Exercise:
Some lines in the listing hold the word "Inversión". Return each of them.
• • • • •
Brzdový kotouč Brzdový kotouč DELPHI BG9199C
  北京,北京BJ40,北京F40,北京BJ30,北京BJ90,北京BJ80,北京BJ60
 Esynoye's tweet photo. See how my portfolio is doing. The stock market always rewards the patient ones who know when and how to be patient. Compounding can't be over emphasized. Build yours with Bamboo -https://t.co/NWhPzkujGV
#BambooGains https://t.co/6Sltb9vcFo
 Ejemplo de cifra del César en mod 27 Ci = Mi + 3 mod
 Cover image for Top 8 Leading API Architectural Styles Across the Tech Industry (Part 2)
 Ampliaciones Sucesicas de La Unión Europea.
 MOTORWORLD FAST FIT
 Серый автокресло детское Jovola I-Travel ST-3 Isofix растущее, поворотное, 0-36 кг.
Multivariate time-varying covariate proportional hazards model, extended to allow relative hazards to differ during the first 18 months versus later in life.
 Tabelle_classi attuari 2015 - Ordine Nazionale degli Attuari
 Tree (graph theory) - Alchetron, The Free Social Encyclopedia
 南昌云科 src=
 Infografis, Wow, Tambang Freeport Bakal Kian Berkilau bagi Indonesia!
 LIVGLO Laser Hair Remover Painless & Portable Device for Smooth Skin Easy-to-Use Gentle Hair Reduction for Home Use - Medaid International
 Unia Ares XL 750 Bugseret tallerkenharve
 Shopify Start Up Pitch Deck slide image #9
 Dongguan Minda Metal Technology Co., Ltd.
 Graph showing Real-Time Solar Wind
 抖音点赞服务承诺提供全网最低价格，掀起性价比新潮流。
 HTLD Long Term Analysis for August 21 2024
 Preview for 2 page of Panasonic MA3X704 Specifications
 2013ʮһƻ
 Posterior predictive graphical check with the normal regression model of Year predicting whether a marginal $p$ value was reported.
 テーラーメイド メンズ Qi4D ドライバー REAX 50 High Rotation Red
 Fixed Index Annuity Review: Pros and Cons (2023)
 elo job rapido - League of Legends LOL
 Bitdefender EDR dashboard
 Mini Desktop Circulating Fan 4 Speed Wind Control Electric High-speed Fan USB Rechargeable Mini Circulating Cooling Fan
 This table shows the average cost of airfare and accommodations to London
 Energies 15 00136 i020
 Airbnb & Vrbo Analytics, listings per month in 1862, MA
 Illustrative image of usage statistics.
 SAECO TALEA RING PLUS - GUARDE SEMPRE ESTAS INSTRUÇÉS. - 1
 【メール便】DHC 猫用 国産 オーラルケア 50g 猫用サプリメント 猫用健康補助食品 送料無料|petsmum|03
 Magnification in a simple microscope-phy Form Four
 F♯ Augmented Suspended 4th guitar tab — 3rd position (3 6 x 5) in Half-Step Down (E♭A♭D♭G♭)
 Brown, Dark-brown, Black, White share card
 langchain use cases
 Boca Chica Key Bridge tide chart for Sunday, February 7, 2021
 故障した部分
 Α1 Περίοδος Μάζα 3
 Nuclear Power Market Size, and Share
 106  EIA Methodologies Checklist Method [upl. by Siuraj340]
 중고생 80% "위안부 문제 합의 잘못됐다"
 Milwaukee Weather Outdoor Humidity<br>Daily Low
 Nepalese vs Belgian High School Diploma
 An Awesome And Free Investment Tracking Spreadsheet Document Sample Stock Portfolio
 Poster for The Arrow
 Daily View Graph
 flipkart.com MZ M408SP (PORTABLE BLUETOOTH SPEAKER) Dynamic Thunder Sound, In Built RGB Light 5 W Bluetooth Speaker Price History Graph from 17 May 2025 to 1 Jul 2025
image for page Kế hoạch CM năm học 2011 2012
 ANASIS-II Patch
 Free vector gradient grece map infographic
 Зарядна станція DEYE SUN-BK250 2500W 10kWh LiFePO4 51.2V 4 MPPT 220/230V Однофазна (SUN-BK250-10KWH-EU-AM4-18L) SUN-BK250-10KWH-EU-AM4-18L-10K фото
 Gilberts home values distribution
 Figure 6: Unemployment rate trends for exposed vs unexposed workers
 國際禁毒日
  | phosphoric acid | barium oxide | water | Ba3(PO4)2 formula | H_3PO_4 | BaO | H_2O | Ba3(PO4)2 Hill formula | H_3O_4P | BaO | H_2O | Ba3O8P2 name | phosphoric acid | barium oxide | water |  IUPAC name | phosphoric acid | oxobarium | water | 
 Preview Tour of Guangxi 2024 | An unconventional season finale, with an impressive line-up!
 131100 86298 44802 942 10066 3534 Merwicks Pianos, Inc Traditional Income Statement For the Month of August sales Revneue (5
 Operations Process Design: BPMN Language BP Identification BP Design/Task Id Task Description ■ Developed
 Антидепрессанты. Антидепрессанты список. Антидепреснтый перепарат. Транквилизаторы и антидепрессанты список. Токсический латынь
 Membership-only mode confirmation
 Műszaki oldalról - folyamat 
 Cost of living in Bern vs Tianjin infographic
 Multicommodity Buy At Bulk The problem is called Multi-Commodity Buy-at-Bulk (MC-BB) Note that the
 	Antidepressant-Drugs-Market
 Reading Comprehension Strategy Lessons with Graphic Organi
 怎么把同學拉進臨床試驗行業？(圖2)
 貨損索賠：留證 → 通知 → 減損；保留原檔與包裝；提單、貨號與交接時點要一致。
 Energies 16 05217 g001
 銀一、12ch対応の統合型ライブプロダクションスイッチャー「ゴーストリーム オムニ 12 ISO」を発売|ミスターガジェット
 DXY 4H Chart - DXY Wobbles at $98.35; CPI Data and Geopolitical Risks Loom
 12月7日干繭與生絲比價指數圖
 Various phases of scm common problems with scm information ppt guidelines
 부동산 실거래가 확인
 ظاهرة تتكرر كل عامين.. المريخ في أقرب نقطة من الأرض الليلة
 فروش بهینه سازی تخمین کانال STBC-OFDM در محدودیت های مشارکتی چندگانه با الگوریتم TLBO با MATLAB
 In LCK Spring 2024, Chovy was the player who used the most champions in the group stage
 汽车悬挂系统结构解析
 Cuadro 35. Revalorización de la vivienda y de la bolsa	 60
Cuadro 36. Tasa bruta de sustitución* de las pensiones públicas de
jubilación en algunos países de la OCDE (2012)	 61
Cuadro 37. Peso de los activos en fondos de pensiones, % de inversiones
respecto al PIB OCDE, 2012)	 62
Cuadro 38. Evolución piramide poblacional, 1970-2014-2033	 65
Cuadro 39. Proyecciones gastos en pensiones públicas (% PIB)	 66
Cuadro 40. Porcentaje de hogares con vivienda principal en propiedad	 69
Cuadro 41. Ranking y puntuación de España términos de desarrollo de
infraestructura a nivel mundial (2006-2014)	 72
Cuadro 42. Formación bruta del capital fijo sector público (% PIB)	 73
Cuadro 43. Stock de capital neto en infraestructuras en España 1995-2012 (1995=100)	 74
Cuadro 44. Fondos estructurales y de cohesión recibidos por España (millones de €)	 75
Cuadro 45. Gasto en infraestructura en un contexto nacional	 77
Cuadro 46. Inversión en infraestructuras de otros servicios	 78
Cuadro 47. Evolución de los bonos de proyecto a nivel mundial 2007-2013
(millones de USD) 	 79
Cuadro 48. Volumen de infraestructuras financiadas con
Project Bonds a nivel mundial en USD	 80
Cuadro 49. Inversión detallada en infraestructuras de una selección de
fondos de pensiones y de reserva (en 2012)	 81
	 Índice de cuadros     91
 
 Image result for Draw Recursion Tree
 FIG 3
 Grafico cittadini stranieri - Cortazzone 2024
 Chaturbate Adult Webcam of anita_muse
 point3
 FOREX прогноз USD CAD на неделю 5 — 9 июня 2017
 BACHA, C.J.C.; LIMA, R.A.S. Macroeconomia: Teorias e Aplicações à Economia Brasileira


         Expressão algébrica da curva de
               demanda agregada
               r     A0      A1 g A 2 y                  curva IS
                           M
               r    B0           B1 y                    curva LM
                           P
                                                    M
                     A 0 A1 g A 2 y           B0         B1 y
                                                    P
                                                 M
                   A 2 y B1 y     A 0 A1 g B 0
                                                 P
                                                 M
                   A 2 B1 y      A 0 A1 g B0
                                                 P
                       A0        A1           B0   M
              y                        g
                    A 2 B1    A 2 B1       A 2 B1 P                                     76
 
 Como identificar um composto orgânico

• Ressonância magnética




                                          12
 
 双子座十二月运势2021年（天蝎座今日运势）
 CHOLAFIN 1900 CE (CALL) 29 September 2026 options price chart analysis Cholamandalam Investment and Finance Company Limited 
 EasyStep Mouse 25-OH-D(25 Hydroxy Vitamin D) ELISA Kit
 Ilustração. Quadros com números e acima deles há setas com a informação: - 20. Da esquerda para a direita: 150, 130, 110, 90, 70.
• • • • •
Result of the task:
Cuadro 46. Inversión en infraestructuras de otros servicios	 78
Cuadro 49. Inversión detallada en infraestructuras de una selección de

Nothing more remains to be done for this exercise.